= Amarendra Nayak =

Indian basketball player (born 2003)

Amarendra Nayak (born 21 March 2003) is an Indian basketball player from Odisha. He plays for the India men's national basketball team and for the Chandigarh and Indian Railways team in the domestic tournaments as a forward. He also plays 3x3 basketball and represented Panjim Thunderbots in the 2024 Goa Basketball League 3x3.

== Early life and education ==
Nayak is from Cuttack, Odisha but resides in Chandigarh. He is the son of Swarnalatha and Satyabrata Naya, a former Odisha basketball player. Due to his father's Railway job, he spent his childhood in Kolkata but later moved to Chandigarh. He is educated at Sri Guru Gobind College, Chandigarh. In 2022, he joined Indian Railways. He never played for his home state, Odisha.
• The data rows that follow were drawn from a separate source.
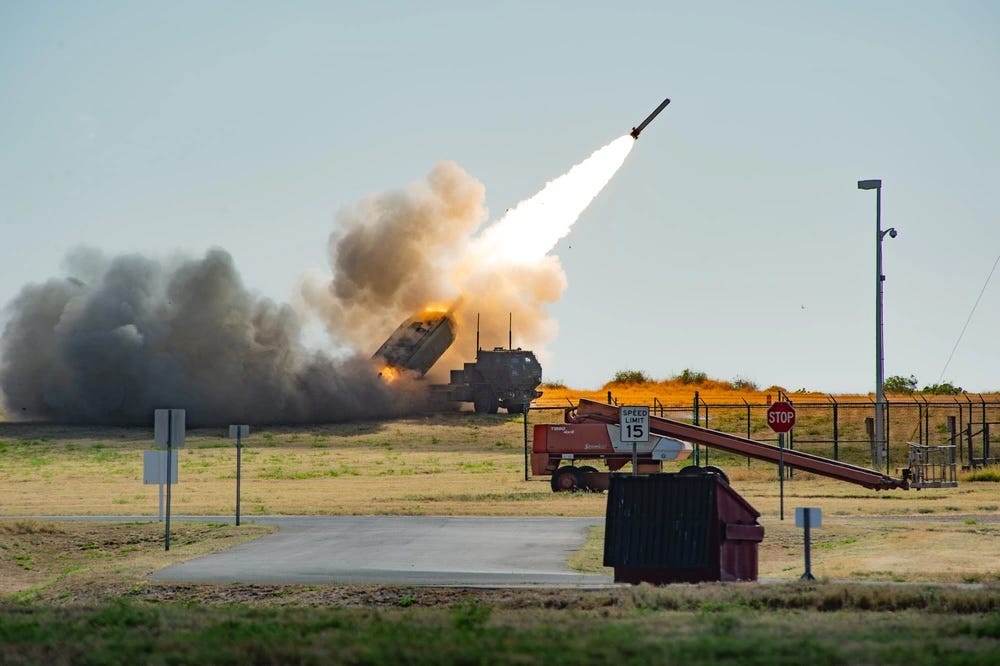A US Army task force fires a HIMARS launcher from a missile range facility during during a military exercise.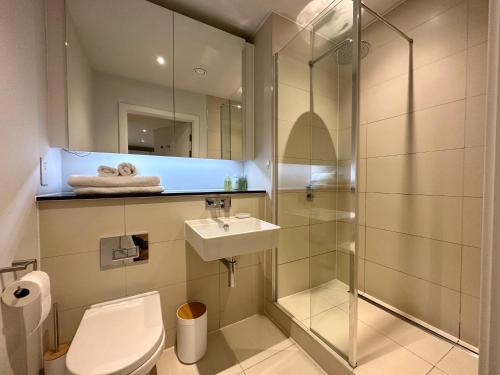 a bathroom with a toilet and a sink and a shower at Luxury 2 Bed 2 Bath Central Manchester in Manchester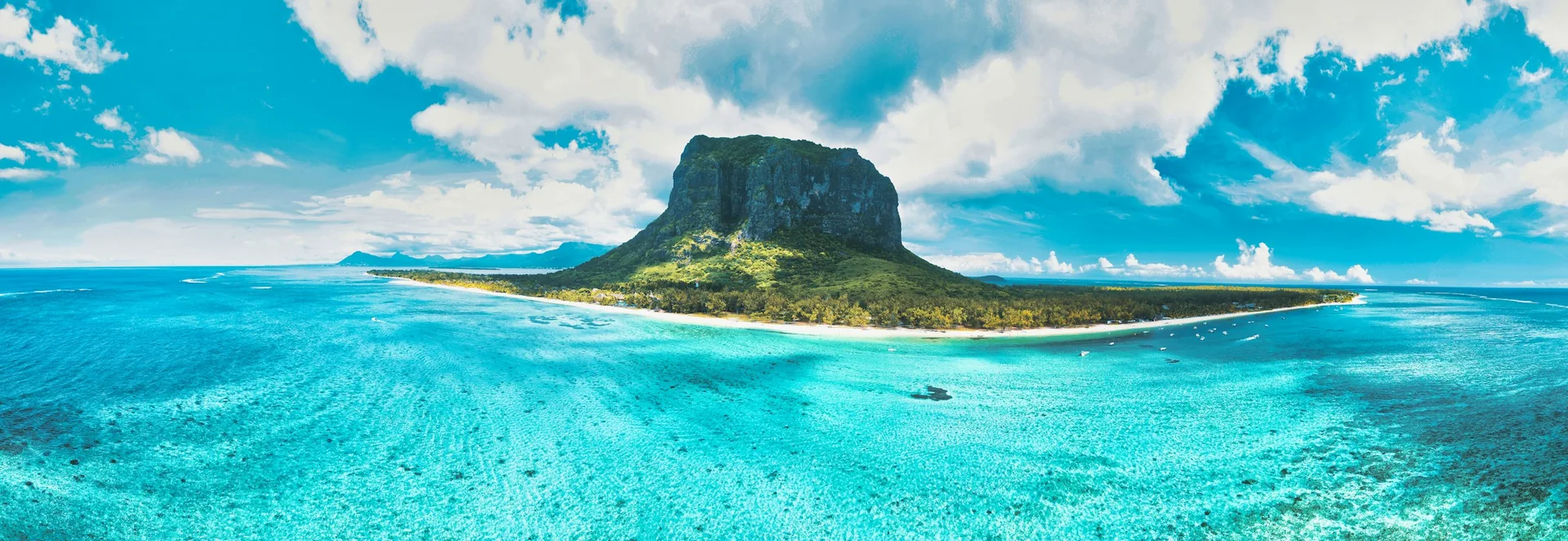 Le Morne Brabant mountain rising above the turquoise lagoon on the southwest coast of Mauritius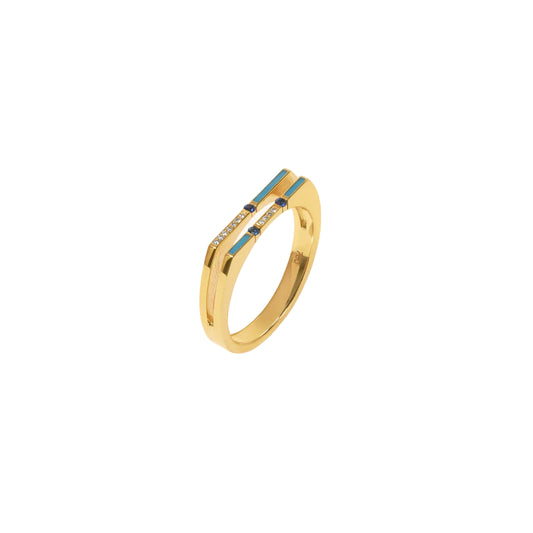 Gold ring with blue gemstone on a white background
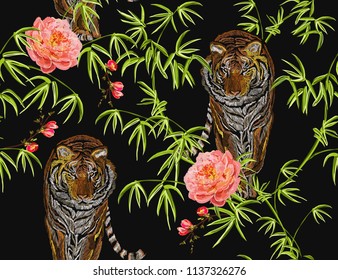 Seamless vector floral summer pattern background with tropical palm leaves, bamboo leaves, a going tiger, peony sakura flowers. Perfect for wallpapers, web page backgrounds, surface textures, textile.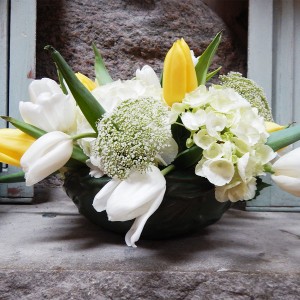 green planter with flowers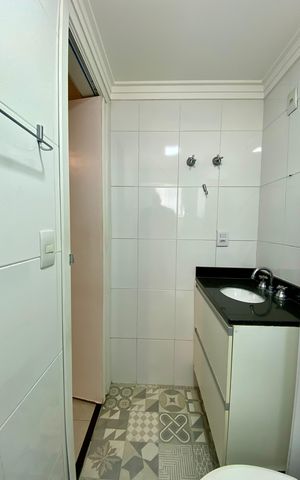 Apartamento à venda com 48m², 2 quartos e 2 vagas Apartamento à venda com 48m², 2 quartos e 2 vagasBanheiro da Suíte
He is a Grade A player and received monthly remuneration from Basketball Federation of India.

== Career ==
Nayak captained the Chandigarh team which won a silver medal at the 71st Junior National Basketball Championship in Indore in January 2022. He also represented Indian Railways in the 4th 3x3 Senior National Basketball Championship 2024 held in January 2025.
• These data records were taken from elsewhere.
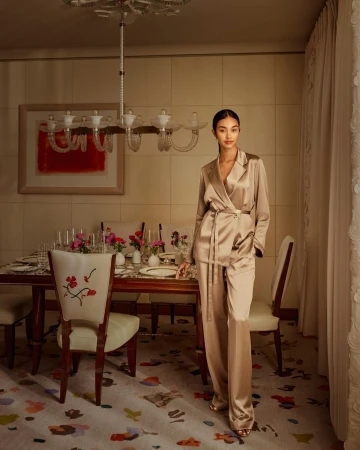 A slender woman in a bronze silk suit stands in a dining room with a table set for dinner, soft light and elegant floral carpet.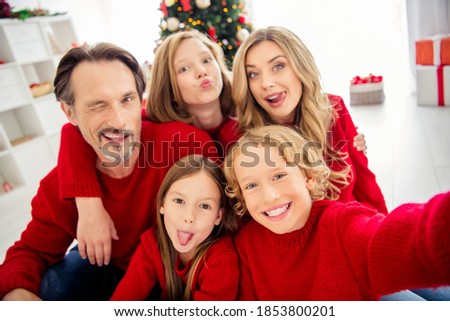 Closeup photo of full big family five people meeting three little kids cuddle tongue-out blink eye send air kiss wear red jumper in decorated living room x-mas tree garland indoors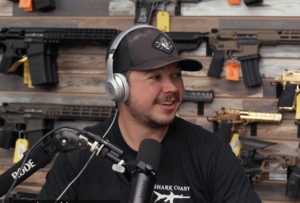 Kyle Rittenhouse speaking in a studio in front of a wall lined with guns.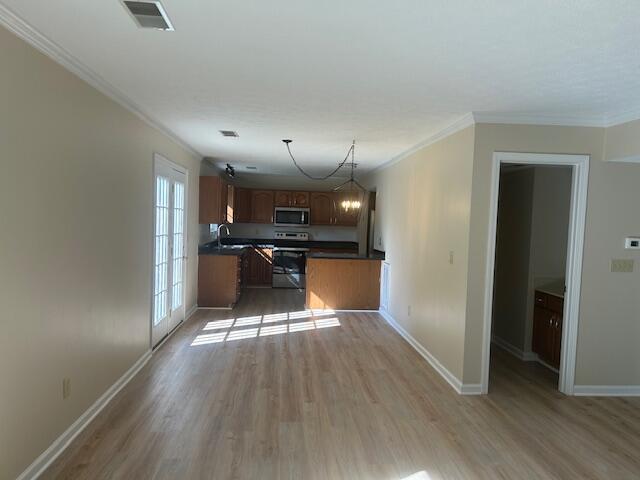 kitchen with dark countertops, stainless steel microwave, wood finished floors, and visible vents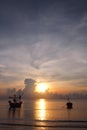 The fishing boats with Sunrise, the colors of the morning sky. Royalty Free Stock Photo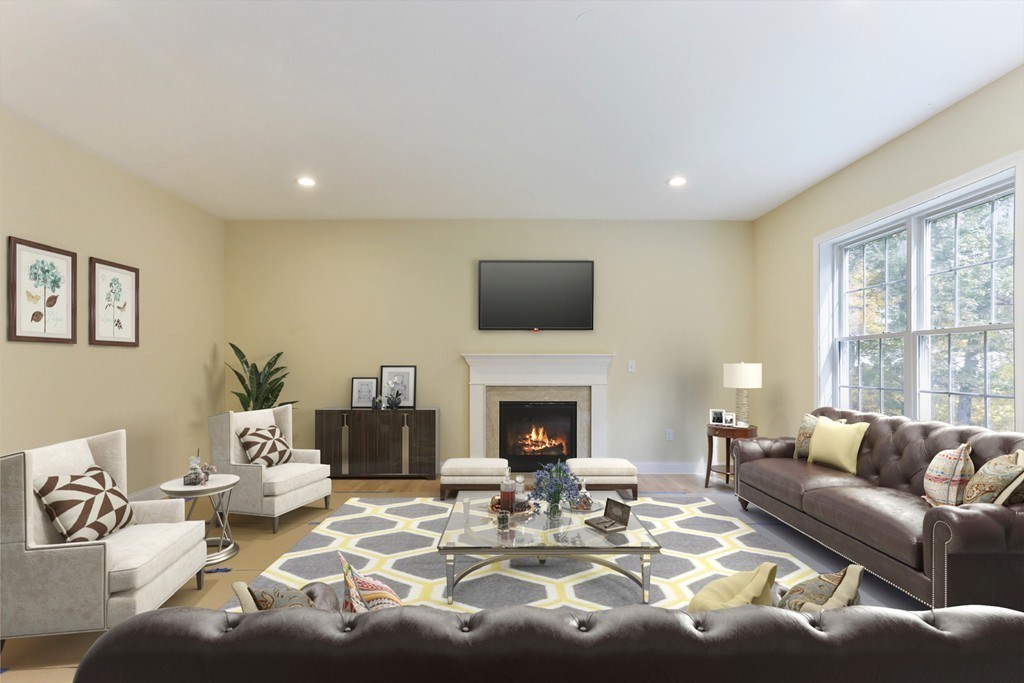 76 Box Turtle Drive Rochester, MA 02770 - Photo 11 of 12 a living room with furniture a fireplace and a flat screen tv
He played for the junior India team in the FIBA U16 Asian Championship SABA Qualifier in 2019. He made his senior India debut against Jordan at the 2021 FIBA Basketball World Cup 2023 Asian Qualifiers in August 2022. He represented the Indian senior team in the 2022 FIBA Asia Cup and the FIBA Asia Cup 2025 qualifiers held at Kazakhstan and New Delhi in February 2024.